Paul shares his own story, too. Always a man of religious fervor, Paul’s passion had been as a sadistic legalist who persecuted Christians as an act of piety. On his way to Damascus to do just that, Paul gets knocked to the ground, blinded, and compelled to trust what he cannot see or prove. And in Damascus, where Paul had expected to act on religious certainty, resentment, and fear, God calls him to a new journey of faith, hope, and love.
Echoing Paul’s appeal to story, the writer of Hebrews says, “Faith is the assurance of things hoped for, the conviction of things not seen.” (Hebrews 11:1) Then, using a kind of litany, he recalls the ancient, archetypal stories.
“By faith Noah, warned by God about events as yet unseen, respected the warning and built an ark to save his household…
“By faith Abraham obeyed when he was called to set out for a place that he was to receive as an inheritance…
“By faith Isaac invoked blessings for the future on Jacob and Esau.
“By faith Moses, when he was grown up, refused to be called a son of Pharaoh’s daughter, choosing rather to share ill-treatment with the people of God…
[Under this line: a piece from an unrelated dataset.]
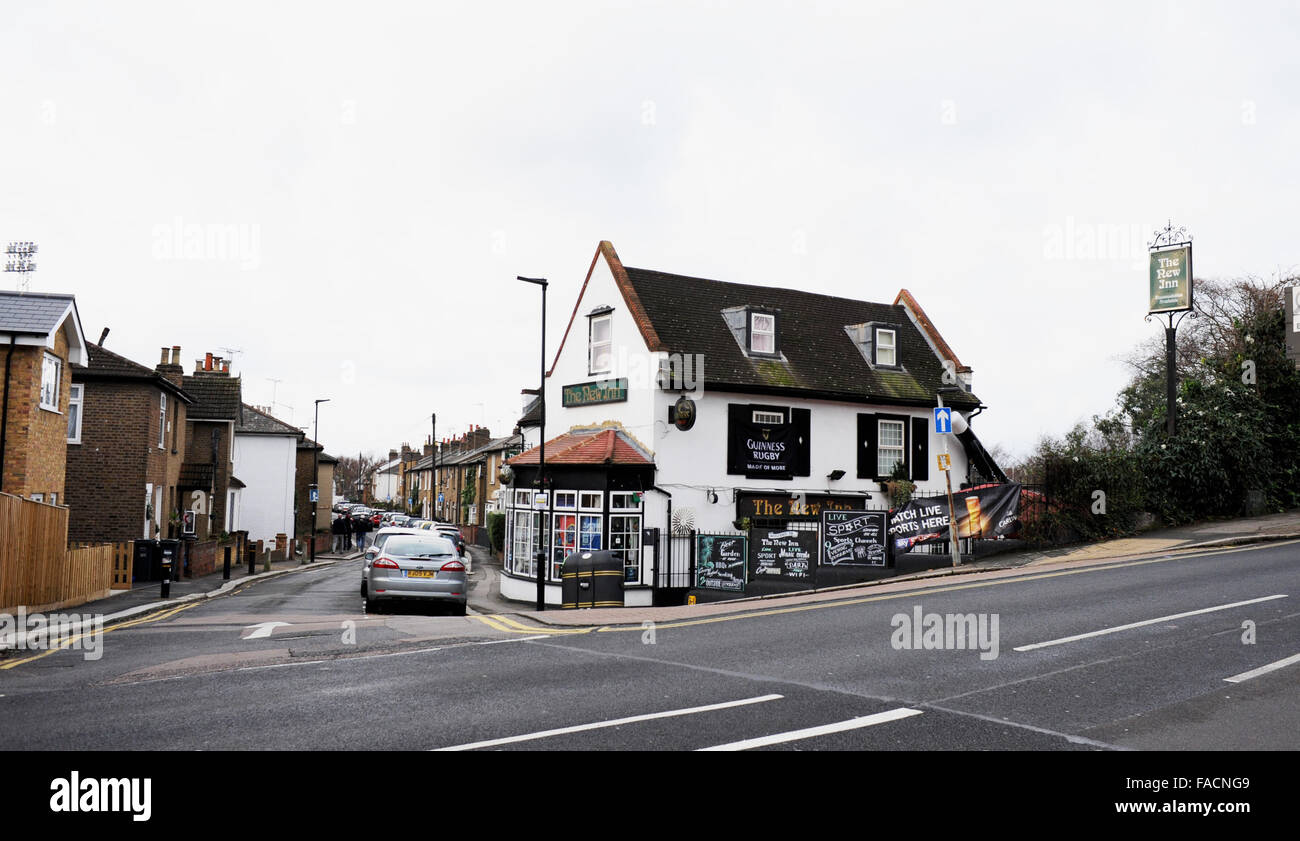The New Inn Pub at Brentford on corner of football ground London UK Stock Photo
“By faith the people passed through the Red Sea as if it were dry land…” (Selected verses from Hebrews 11)
These stories story us toward an identity, righteousness, and faith that formulas and arguments cannot convey.
During officer training, the most interesting discussions we have usually occur during our review of Church history. What makes us Christian is not nearly so much the doctrines we profess, but the story we share. That story goes all the way back to Abraham. Jews, Christians, and Muslims all claim that story. And while we each take different trajectories, we all have to name and confess the errors and brutalities that our stories have committed and continue to commit in the name of God. Sadly, most errors and brutalities occur when we try to make righteousness a matter of principle and process—that is, a matter of law rather than of love-actioned faith.
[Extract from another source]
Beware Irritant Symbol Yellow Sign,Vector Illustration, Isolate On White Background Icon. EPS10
When asked about the greatest commandment, Jesus says, “‘…love the Lord your God with all your heart, and…soul, and…mind…And ‘…love your neighbor as yourself.’ On these two commandments hang all the law and the prophets.” (Mt. 22:36-40)
Paul says the same thing to the Romans: “The commandments, ‘You shall not commit adultery; You shall not murder…steal…[or] covet’; and any other commandment, are summed up in this word, ‘Love your neighbor as yourself.’ Love” says Paul, “is the fulfilling of the law.” (Romans 13:9-10)
Neither righteousness nor love can be proved through debate. They’re not academic courses for us to pass or fail. Because love and righteousness are about relationship, God stories us toward and into the journey of grace.
While much of the Church has acquiesced to the graceless dictates of human empire, Christian discipleship is incompatible with imperial religion. Collusion with Caesar’s calculated vengeance and violence is not an option for followers of Jesus. Living by grace, or as one person in our Sunday school class said, “becoming the grace of God,” dares us to commit ourselves to the unsentimental, action-oriented love that overcomes fear, that defies every power that sows division, and that follows God’s creative hope in and for the world.
As dots or brush strokes on God’s great canvas of Creation, we are, together, Christ’s body. Through us, even today, God continues to call humankind to the transcendent journey of grace along which righteousness is our garment. Holiness is our breath. Love is our song. And justice is our footprint.